Tomorrow never knows
Due passaggi paiono fondamentali, per la costruzione del climax dell’intera pellicola, ottimo e funzionale mosaico che vede sfilare sul grande schermo, tra gli altri, oltre, ovviamente, allo stesso Lennon e Yoko Ono, i giornalisti Gore Vidal – che non manca di citare un parallelismo Nixon/Bush – e Carl Bernstein, coautore dell’inchiesta che portò allo scandalo Watergate, Ron Kovic, ex marine autore del ben noto Nato il quattro luglio che Oliver Stone trasformò in un film e Gordon Liddy, ex membro dello staff di Nixon: il concerto tenutosi il 10 dicembre 1971 e la commovente veglia funebre organizzata a Central Park dopo l’uccisione dello stesso Lennon, avvenuta a New York per mano di uno squilibrato l’8 dicembre 1980. Il primo, probabilmente, è stato fonte d’ispirazione per i due registi rispetto alla realizzazione di questa stessa pellicola, fondamentale passaggio non solo simbolico a proposito dell’importanza che la musica andava prendendo all’epoca delle grandi contestazioni, e definitivo abbandono, da parte di Lennon, delle antiche vestigia di pop star e idolo delle ragazzine dei tempi di Twist and shout: per la prima volta, infatti, a seguito di una protesta promossa dal cantautore nel corso del concerto, John Sinclair, attivista politico incarcerato per questioni di droga, viene scarcerato dal governo statunitense che, da quel momento, sotto le pressioni dell’amministrazione Nixon, iniziò a operare affinché l’artista, inglese di nascita, fosse costretto a una vera e propria battaglia legale legata al possesso della Green Card, la tessera che permette la residenza di uno straniero sul suolo statunitense. Una lotta sotterranea e non solo, durata cinque anni ma che non riuscì a scalfire l’importanza del musicista che, nel frattempo, aveva accresciuto la sua fama fino a sfiorare il mito, e incarnare, non solo nei testi delle sue canzoni, l’ideale che milioni di persone in tutto il mondo lottavano per affermare.
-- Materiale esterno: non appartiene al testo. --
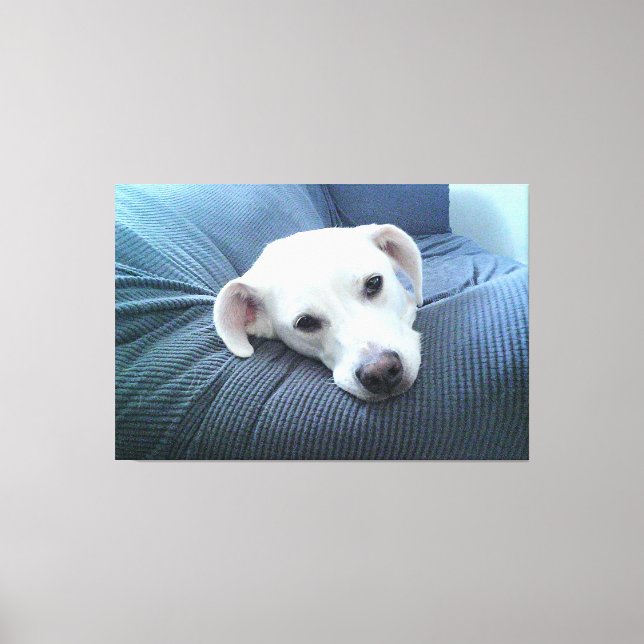 Photo of a Beautiful and Peaceful White Dog Face Canvas Print (Front)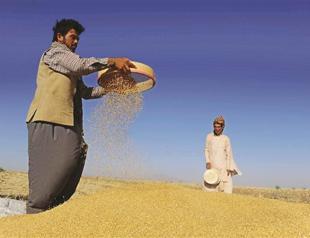 Asia to turn to Black Sea wheat after years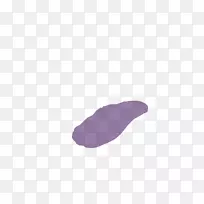 紫紫丁香薰衣草-肾
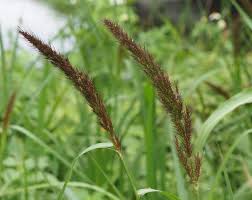 Image result for Echinochloa
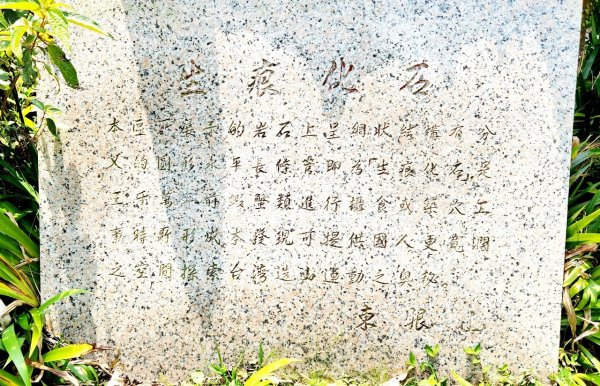 【中級山縱走】志繼山，東眼山，拉卡山，卡外山，東滿步道2742600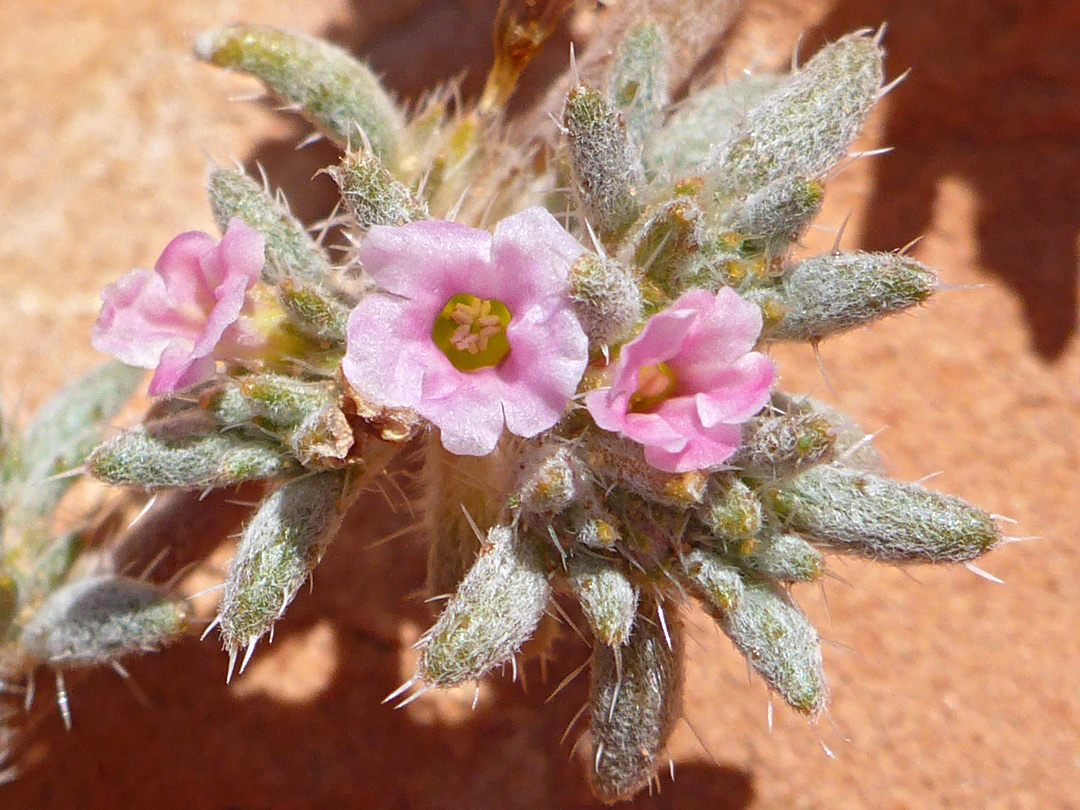 Rose-pink flowers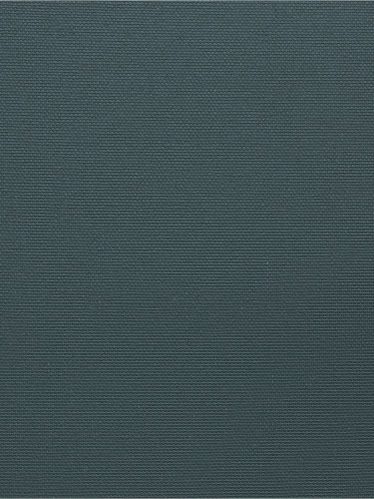 ОМЕГА 5880 т. зеленый, 250 см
Un ideale apparentemente distrutto da quel tragico 8 dicembre 1980 che, già nelle immagini della veglia di Central Park, pare assumere le connotazioni di una ferita che possa servire alle generazioni future per ricordare l’importanza della protesta e della lotta, dei diritti e della forza, espresse tutte, e mai così intensamente nella storia recente occidentale, dalla filosofia della non violenza e della partecipazione.

Curiosità
Ron Kovic, veterano autore del romanzo Nato il quattro luglio, fu interpretato, nel già citato film diretto da Oliver Stone, da Tom Cruise. La vicenda di Carl Bernstein e Bob Woodward, i giornalisti del Washington Post che diedero inizio allo scandalo Watergate, fu portata sullo schermo nel 1976 da Alan J. Pakula, e i due giornalisti furono interpretati, rispettivamente, da Dustin Hoffman e Robert Redford.